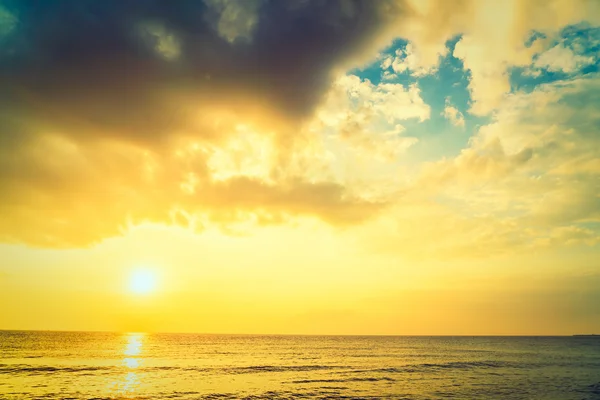 Gyönyörű a Sunrise Beach — Stock Fotó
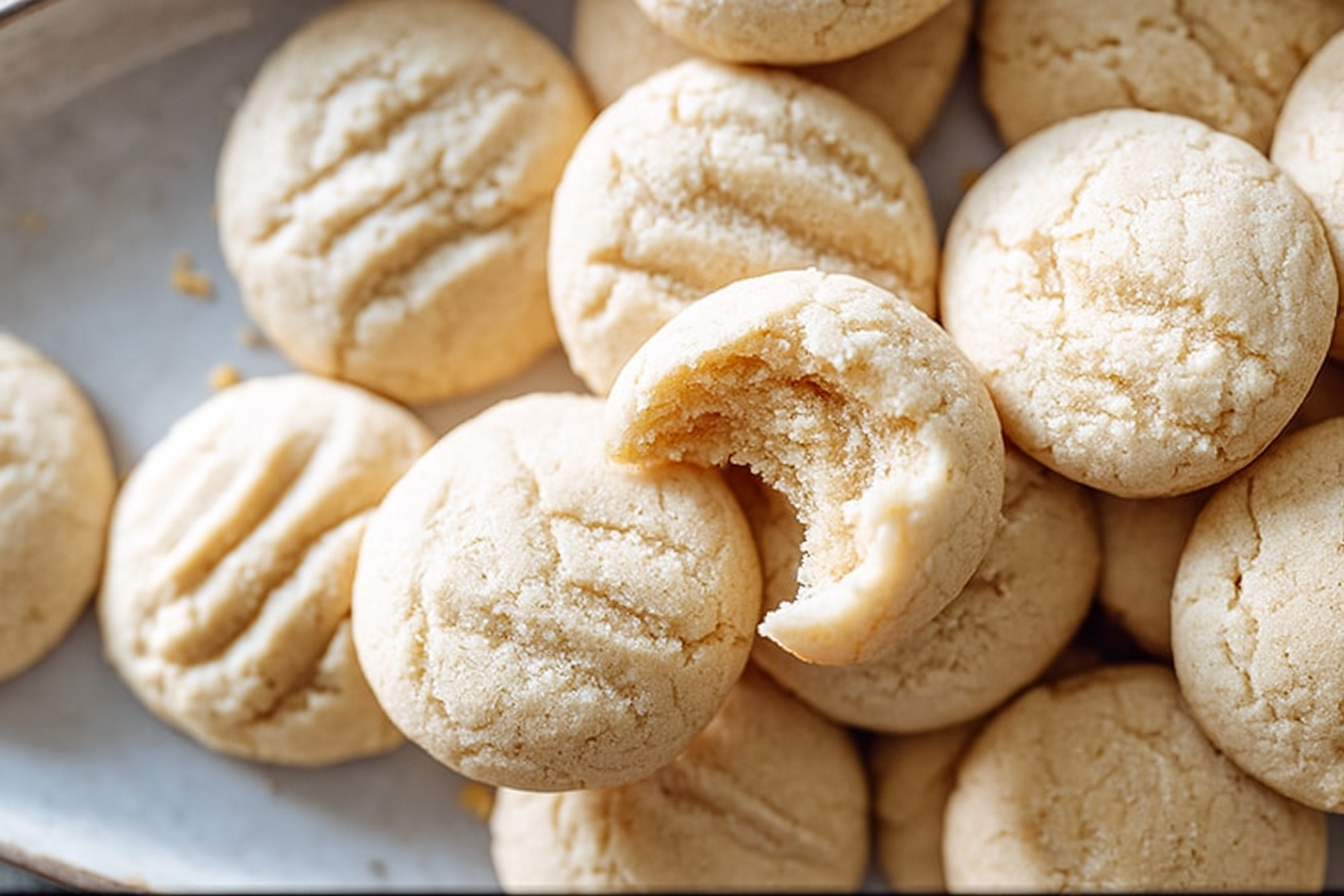 Brown Butter Sugar Cookies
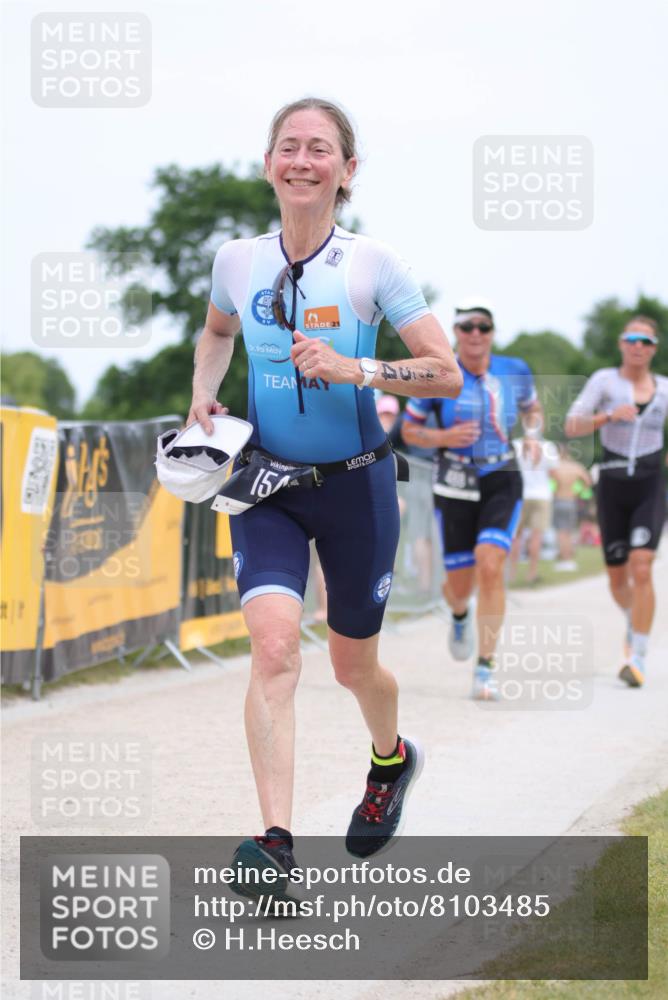 22.06.2025 - Viking Triathlon H.Heesch http://msf.ph/oto/8103485 22.06.2025 13:39:38 Laufen 30, 154, 488 meine-sportfotos.de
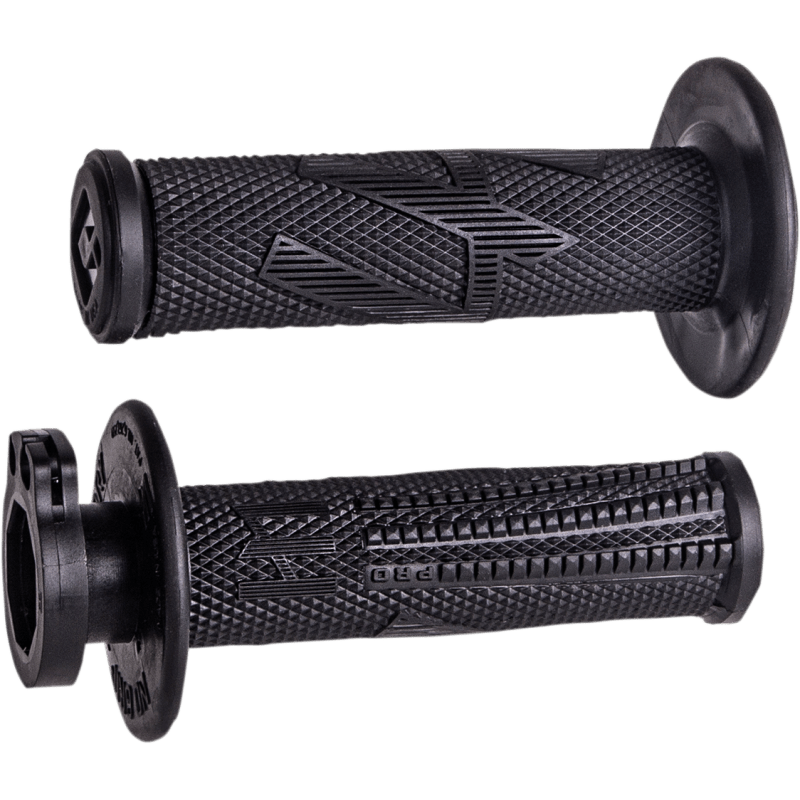 ODI EMIG PRO MX V2 LOCK ON BLACKOUT Front - Driven Powersports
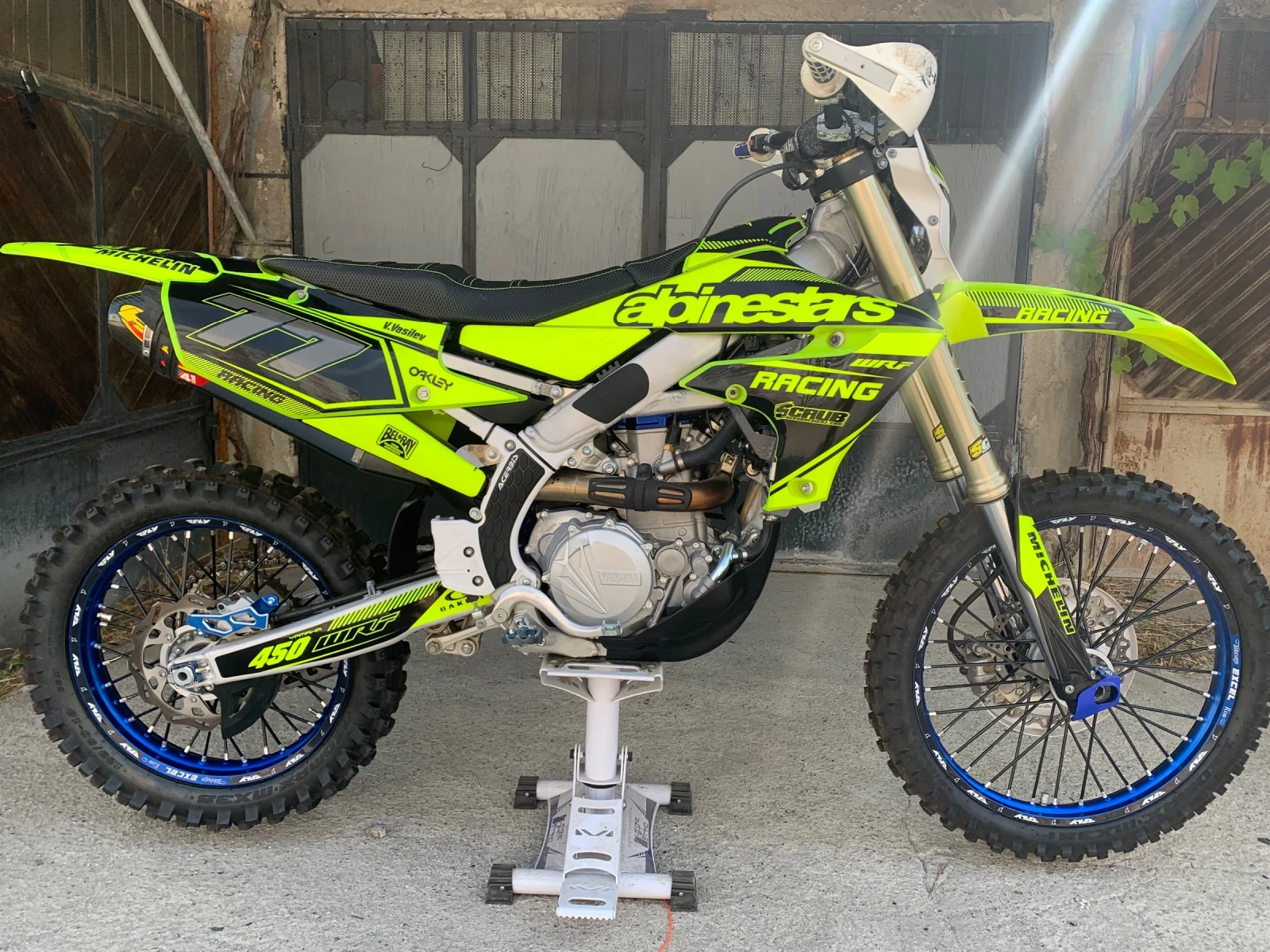 Yamaha Wr WR-450 - изображение 3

════════

**PROBLEM TO SOLVE**
Set the entries down again exactly. Do not include the images.

**YOUR RESPONSE**
 Gyönyörű a Sunrise Beach — Stock Fotó
 Brown Butter Sugar Cookies
 22.06.2025 - Viking Triathlon H.Heesch http://msf.ph/oto/8103485 22.06.2025 13:39:38 Laufen 30, 154, 488 meine-sportfotos.de
 ODI EMIG PRO MX V2 LOCK ON BLACKOUT Front - Driven Powersports
 Yamaha Wr WR-450 - изображение 3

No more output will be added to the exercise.